Tom Dodds, chair of the stakeholder committee tasked with making a recommendation to city council, said the parties who submitted request for proposals are all different than those companies who provided bids the first time around.
The companies, a mix of Canadian and American companies, have a range of experience varying from commuter rail service to tour trains.
The original submissions all had different approaches and styles and none of the proponents had the detailed information by CN Railway required to develop a complete business case, Dodds said.
That information has now been provided to the proponents and criteria of evaluation has been clearly articulated so that the proposals can be compared evenly and fairly, he said.
“We have to compare apples to apples and we need certain measurables to do that and we think we’ll get this in the full business case proposals,” he said.
Dodds said the three proponents, whom he cannot name at this time, have also expressed some possible interest I running the tour train as well.
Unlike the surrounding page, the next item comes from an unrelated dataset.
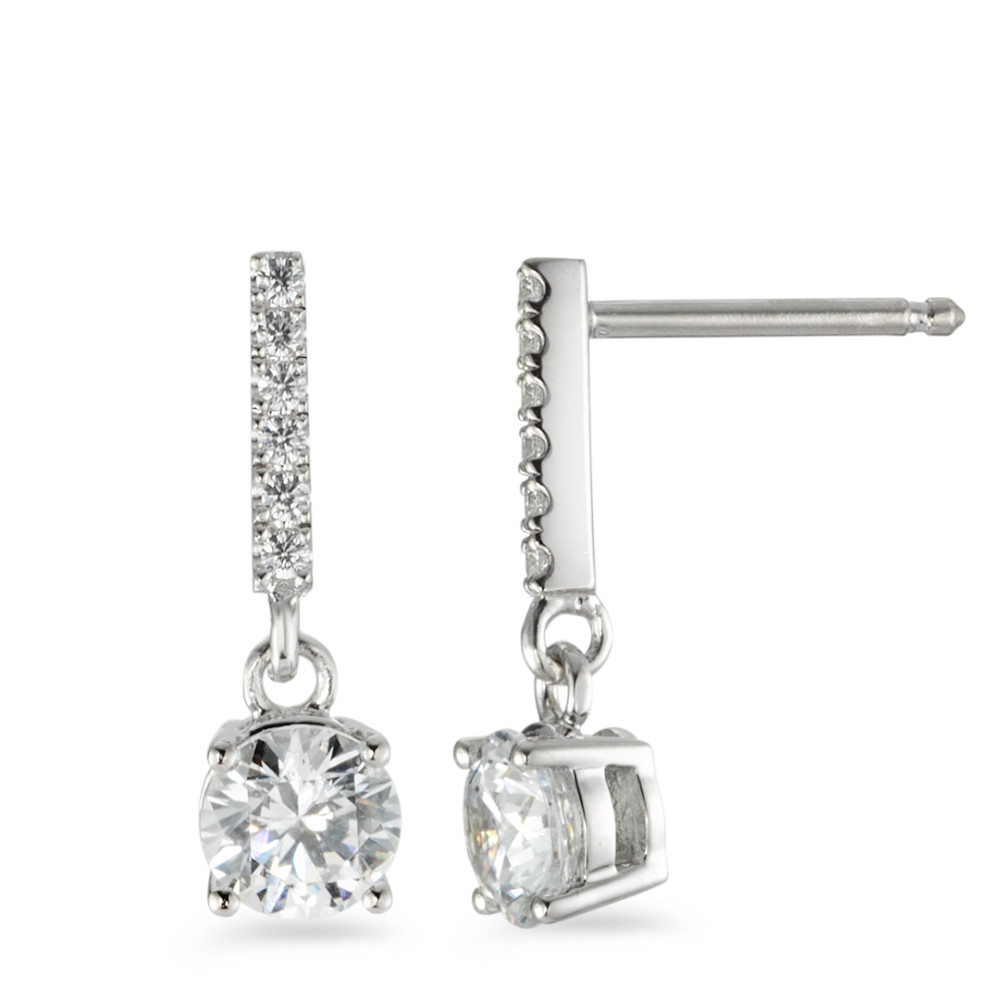 Pendant d'oreilles Argent Zircone 14 Pierres Rhodié Ø5 mm-580557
It’s not known if CN Railway has had discussions with other companies interested in the tour train but it has been made clear that anyone interested in the passenger train service must submit documents to Dodds and participate in the RFP process, he said.
All the submissions will be evaluated on a number of criteria that include the need to satisfy CN Railway on asset requirements, federal legislative and regulatory requirements, business plans acceptable to Transport Canada for funding requirements, requirements by the City of Sault Ste. Marie.
“These potential proponents may have a different framework going forward that what has been presented to use in the past,” Dodds said.
Stakeholders along the line have also provided ideas that may see a different type of service, more in tune with seasonal needs.
Minimum requirements during CN Railway’s operation of the train was to provide 104 trips per year; they operated 156 trips per year. Railmark’s proposal was initially for 156 trips per year.
“A new proponent may change those numbers or redistribute those numbers to accommodate the busier tourist season,” he said. Operators will be required to pay CN Railway a line user fee.
Earlier this year it was announced that a Michigan company, Railmark Ltd., was the successful proponent of the first RFP to run both the passenger rail service and the tour train.
However the deal was never signed because Railmark was unable to meet all the pre-conditions required in the contract. Railmark had not received any financial compensation for running the train. CN Railway resumed operation of the tour train and the passenger service was halted mid July.
The entire issue began more than a year ago after it was announced that the federal government was withdrawing its $2.2 million annual subsidy for the passenger train service and CN Railway said it would discontinue operations.
The local stakeholder group was formed, a business case completed and the passenger train service was reinstated in a remote access funding program, with a guarantee of $5.3 million of funding over three years. The funding was granted to provide the operator time to grow the service into a self sustaining operation.
A business case study showed the passenger train service injects more than $38 million annually into the region’s economy through property investment and tourism.